B. Signature. A person authorized by the insurer to bind coverage on
its behalf shall sign certification of all required policies.
C. Acceptable Insurers. All insurance policies shall be issued by an
insurance company currently authorized by the Insurance
Commissioner to transact business of insurance in the State of
California, with an assigned policyholders' Rating of A (or higher)
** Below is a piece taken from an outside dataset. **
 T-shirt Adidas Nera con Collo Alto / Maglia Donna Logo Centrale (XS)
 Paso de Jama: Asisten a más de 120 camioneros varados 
and Financial Size Category Class VII (or larger) in accordance
with the latest edition of Best's Key Rating Guide, unless otherwise
approved by the City's Risk Manager.
D. Coverage Requirements.
Workers' Compensation Coverage. Consultant shall
maintain Workers' Compensation Insurance and Employer's
Liability Insurance for his or her employees in accordance
with the laws of the State of California. In addition,
Consultant shall require each subcontractor to similarly
maintain Workers' Compensation Insurance and Employer's
Liability Insurance in accordance with the laws of the State
of California for all of the subcontractor's employees. Any
notice of cancellation or non - renewal of all Workers'
Compensation policies must be received by City at least
thirty (30) calendar days (10 calendar days written notice of
non - payment of premium) prior to such change. The insurer
shall agree to waive all rights of subrogation against City, its
officers, agents, employees and volunteers for losses arising
from work performed by Consultant for City.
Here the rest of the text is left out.